Switch between annual summaries and every scheduled installment.
Annual percentage rate is designed to express borrowing cost as one yearly rate. Unlike the stated interest rate, a real APR estimate also considers qualifying finance charges and the timing of the cash flows. The calculator first builds the contractual payment from the financed balance, stated rate, compounding convention, payment frequency, and term. It then solves for the periodic rate that makes the present value of all scheduled payments equal to the amount of value actually received by the borrower. That periodic rate is annualized to produce the displayed APR.

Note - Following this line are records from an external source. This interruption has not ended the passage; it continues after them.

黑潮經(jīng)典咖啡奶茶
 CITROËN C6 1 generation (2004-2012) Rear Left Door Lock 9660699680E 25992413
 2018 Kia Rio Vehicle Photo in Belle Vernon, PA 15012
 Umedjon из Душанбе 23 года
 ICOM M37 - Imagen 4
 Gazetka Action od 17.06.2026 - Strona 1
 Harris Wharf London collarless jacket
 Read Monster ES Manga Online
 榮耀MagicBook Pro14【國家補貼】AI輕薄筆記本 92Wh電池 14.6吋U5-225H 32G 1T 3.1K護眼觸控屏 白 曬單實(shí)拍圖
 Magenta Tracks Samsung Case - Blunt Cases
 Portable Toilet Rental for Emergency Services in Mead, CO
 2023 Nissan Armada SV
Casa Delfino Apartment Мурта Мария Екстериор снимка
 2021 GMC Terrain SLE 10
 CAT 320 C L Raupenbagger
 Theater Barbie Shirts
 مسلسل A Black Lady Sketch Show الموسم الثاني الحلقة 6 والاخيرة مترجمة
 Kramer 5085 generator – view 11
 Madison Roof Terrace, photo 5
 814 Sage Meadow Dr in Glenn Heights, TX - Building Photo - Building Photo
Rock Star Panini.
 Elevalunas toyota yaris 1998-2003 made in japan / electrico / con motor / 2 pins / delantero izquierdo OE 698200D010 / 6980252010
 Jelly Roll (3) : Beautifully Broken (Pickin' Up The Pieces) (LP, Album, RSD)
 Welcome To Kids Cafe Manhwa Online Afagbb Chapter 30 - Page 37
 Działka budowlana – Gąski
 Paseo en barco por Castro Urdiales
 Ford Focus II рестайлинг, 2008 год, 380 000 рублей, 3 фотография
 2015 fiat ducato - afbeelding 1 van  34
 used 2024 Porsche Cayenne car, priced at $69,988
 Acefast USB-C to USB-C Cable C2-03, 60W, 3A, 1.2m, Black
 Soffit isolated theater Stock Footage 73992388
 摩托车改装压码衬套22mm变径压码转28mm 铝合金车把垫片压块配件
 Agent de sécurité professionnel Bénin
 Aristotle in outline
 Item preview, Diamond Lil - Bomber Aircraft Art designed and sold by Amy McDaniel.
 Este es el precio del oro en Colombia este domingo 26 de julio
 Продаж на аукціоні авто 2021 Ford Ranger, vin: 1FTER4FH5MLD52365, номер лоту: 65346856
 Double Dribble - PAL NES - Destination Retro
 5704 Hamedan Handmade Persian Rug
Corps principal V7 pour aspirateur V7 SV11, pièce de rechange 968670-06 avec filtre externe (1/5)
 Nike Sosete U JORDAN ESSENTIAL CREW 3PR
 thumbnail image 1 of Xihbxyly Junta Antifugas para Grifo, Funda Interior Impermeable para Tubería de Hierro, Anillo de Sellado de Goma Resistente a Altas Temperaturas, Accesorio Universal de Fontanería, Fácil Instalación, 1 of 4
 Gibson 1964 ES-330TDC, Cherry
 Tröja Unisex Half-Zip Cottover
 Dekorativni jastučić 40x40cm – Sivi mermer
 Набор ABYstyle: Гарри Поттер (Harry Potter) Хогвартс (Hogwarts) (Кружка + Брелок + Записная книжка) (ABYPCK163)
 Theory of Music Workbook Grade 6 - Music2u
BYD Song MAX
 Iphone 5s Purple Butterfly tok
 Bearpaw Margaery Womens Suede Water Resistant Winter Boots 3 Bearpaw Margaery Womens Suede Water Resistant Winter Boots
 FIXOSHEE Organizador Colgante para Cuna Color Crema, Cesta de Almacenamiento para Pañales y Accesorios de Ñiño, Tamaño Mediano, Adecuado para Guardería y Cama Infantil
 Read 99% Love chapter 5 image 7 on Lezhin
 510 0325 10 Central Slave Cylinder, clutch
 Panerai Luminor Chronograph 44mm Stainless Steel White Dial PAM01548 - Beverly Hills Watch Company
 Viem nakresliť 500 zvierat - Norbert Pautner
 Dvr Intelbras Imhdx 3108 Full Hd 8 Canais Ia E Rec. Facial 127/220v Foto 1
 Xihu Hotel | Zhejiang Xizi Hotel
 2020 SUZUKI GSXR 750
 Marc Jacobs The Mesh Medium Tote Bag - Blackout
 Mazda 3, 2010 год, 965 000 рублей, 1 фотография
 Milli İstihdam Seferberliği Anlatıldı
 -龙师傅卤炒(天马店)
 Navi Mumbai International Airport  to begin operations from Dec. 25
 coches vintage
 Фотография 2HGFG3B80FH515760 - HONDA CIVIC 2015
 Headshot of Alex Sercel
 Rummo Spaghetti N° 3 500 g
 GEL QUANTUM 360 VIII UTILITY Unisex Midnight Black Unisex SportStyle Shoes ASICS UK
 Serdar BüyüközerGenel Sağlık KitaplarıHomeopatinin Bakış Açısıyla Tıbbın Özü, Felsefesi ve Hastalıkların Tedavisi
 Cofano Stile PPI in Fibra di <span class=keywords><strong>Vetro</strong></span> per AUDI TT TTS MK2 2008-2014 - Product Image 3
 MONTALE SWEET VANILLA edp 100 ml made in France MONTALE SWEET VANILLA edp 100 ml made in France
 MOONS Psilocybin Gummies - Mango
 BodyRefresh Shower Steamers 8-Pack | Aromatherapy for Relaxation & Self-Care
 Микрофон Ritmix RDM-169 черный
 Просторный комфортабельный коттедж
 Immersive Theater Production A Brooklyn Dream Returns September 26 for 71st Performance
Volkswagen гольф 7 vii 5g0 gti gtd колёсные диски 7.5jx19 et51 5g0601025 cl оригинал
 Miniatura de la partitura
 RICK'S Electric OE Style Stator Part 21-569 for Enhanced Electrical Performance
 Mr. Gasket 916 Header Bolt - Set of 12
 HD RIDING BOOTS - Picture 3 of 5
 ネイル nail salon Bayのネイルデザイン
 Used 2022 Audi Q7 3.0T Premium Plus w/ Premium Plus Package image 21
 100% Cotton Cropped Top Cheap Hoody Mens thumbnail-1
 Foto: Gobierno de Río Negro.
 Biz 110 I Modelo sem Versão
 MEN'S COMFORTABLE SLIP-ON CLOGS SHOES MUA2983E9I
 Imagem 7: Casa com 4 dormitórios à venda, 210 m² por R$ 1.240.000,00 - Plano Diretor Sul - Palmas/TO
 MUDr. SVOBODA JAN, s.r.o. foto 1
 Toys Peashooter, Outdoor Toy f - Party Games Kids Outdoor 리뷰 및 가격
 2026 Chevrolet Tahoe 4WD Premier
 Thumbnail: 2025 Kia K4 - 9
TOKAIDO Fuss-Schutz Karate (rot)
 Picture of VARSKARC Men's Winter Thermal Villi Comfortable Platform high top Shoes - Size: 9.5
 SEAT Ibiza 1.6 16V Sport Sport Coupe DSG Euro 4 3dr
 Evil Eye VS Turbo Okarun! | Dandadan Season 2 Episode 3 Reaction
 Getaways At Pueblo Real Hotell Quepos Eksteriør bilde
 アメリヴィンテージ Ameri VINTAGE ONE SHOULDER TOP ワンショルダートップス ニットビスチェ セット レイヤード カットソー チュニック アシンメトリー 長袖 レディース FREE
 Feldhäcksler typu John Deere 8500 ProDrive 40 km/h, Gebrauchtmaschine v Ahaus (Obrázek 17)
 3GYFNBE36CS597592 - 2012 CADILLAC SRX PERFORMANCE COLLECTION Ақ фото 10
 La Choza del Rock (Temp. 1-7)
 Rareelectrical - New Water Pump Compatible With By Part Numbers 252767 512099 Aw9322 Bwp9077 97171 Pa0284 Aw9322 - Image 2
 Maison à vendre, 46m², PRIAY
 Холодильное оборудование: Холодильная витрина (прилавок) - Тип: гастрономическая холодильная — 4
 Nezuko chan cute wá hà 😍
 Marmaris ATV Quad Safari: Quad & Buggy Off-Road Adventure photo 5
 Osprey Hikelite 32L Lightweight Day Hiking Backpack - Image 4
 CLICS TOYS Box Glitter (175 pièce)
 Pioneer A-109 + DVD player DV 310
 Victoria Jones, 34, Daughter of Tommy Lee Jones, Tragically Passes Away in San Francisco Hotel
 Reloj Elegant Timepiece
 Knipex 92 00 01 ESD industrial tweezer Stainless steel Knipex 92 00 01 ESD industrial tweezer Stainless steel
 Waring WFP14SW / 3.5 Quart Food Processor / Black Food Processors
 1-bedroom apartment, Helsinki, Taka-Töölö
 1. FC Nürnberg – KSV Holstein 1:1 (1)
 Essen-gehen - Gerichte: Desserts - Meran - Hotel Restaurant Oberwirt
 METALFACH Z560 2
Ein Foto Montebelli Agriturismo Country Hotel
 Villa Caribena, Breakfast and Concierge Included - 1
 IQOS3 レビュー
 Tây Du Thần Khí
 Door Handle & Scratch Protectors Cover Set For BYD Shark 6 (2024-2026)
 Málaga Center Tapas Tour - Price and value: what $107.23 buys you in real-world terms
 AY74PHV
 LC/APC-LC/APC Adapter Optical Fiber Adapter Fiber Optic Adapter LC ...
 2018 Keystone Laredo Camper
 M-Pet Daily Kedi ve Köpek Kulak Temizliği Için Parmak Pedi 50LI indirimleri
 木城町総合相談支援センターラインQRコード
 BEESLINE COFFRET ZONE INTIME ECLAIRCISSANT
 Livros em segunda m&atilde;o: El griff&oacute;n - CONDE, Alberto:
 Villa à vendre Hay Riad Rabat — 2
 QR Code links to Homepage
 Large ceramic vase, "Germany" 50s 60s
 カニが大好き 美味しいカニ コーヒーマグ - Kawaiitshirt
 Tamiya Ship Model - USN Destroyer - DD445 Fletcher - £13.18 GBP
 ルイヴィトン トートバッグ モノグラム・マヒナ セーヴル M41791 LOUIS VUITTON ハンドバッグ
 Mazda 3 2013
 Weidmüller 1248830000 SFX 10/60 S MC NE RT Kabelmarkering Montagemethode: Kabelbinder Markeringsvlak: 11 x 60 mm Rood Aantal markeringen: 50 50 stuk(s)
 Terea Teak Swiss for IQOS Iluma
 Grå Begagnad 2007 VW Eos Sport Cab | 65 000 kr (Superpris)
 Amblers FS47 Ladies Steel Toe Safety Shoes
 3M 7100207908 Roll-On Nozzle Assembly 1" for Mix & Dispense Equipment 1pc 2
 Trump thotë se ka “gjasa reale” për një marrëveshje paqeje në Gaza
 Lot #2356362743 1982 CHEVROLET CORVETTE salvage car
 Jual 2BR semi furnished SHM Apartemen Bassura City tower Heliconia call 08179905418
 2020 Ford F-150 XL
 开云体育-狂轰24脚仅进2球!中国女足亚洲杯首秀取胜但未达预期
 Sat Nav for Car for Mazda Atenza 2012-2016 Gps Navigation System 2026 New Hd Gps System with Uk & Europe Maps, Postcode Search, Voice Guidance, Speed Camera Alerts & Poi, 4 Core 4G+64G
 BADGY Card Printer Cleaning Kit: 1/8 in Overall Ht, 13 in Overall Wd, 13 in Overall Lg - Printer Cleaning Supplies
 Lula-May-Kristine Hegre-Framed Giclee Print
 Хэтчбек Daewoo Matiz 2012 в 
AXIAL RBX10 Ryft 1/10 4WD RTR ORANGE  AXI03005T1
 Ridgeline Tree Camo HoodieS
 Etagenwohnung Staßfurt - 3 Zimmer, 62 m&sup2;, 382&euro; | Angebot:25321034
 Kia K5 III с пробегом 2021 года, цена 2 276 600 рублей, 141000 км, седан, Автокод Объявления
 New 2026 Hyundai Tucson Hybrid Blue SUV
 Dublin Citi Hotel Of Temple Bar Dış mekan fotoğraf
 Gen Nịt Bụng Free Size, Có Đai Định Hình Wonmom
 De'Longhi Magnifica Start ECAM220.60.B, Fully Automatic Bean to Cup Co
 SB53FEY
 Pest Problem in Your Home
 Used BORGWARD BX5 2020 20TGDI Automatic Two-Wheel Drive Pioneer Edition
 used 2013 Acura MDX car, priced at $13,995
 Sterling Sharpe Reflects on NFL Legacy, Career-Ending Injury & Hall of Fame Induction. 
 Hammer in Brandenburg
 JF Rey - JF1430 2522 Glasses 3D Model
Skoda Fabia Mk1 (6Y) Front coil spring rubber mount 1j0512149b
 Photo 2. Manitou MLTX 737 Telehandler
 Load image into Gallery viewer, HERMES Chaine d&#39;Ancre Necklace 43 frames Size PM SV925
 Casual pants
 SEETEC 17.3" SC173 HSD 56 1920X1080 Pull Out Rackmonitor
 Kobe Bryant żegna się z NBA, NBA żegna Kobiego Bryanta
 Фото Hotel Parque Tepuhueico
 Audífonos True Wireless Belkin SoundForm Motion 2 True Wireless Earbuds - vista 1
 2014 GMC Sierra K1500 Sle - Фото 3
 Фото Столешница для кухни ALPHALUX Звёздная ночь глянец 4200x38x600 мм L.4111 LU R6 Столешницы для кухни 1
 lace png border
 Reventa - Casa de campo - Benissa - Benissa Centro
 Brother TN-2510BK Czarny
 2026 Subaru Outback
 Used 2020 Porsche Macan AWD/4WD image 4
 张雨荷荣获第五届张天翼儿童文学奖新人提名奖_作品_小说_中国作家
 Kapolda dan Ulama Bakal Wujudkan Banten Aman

The general-loan mode is appropriate for fixed-payment personal, auto, equipment, or business loans where fees may either be added to the balance or paid upfront. Mortgage mode uses monthly payments and adds house value, down payment, points, lender fees, and annual private mortgage insurance. The estimate is a planning tool rather than a lender disclosure. Formal U.S. disclosures can depend on fee classifications and regulatory conventions described in Regulation Z guidance from the CFPB.
Real APR is the primary comparison rate. When it equals the stated rate, fees are zero and the payment/compounding conventions are aligned. A higher APR indicates that charges or timing increase the effective borrowing cost. The APR premium over rate shows the difference in percentage points, which is useful when comparing two offers with similar note rates.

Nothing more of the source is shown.